彼はアラバマ州で銃火器系の仕事をしている、40代のナイスガイ。
もともとシンプルなスタイルを好み、最初のころは「俺、テープとか興味ない派」と言っていた。
実際、T氏の最初の銃(グロック17)は、素のままで、実に美しかった。
……あの日までは。
■ きっかけは“たった1回の貼り付け”だった
事の発端は、ある暑い夏の日。
T氏はシューティングレンジで、いつものようにターゲットシューティングをしていた。
その日、T氏は手汗がひどかった。
「うわ、グリップぬるぬるする……」
「くそ、今日は記録落ちるかもなぁ……」
そのとき、近くにいたベテラン風の男性がこう言った。
「お前、グリップテープ、貼ってないの?」
「滑らんし、安定するし、なにより“プロっぽい”ぞ」
この“プロっぽい”というフレーズが、T氏の心を打った。
撃ち抜いた。
まるで.45ACPが心に直撃したかのように。
■ 第一段階:「とりあえず貼ってみた」
その夜、T氏はすぐにネットで検索。
「グリップテープ おすすめ」「プロ 愛用」「滑らない 魔法」などのワードを入力。
出てくる出てくる。
パックンチョみたいな滑り止め、サンドペーパー風、ラバータイプ、迷彩柄、グリーン、ブルー、ゼブラ柄。
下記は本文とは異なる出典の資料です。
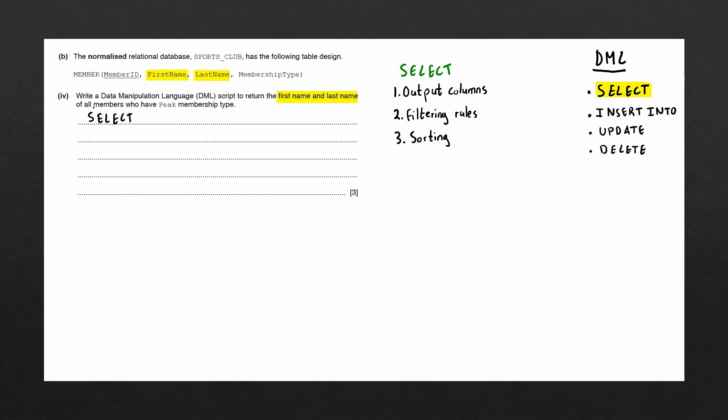This means that in our SELECT statement, we'll write first name and last name, separated by a comma. We then need to say which table first name and last name come from. In this case, they exist in the table called member. So, we'll write the keyword from, and write down the table member.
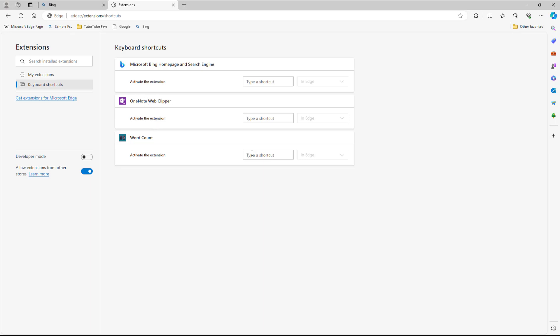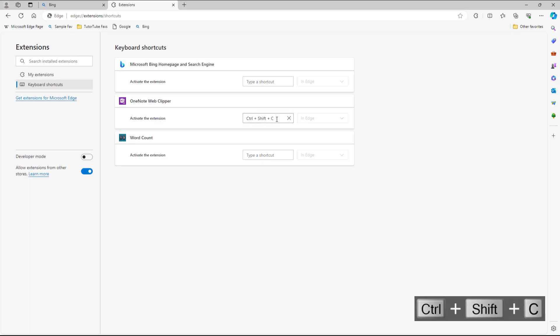Let's say for example, for the OneNote Web Clipper, I'm going to assign an extension shortcut. If I press any key right here, it says include either Ctrl or Alt. So I'm just going to add Ctrl, Shift, and then C, just like this. And let's say this is going to be the shortcut key for OneNote Web Clipper.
選びに選んだ結果、黒のハニカムパターン・ラバータイプを購入。
そして翌朝、彼はグロック17のグリップにテープを貼った。
感想はこうだ。
「すごい……すべらない」
「手に吸いつく」
「なにこの安心感、包まれてる……」
「もはやグリップと結婚したい」
※個人の感想です。
■ 第二段階:「貼る場所が……足りない」
テープの快適さを知ったT氏は、すぐに追加で2セット購入。
次はトリガーガード下、マガジンバンパー、バックストラップ、
スライド横、フレーム上部、なぜかスライドストップレバーの根本にまで貼り出した。
「いや、ここ触れるとこだから」
「握ってる瞬間、たまに薬指がここに当たる気がして」
「念のため貼っとくわ」
「念のため」が増殖の始まりである。
■ 第三段階:「手に当たる=貼る」精神
貼る基準が完全に狂ってきた。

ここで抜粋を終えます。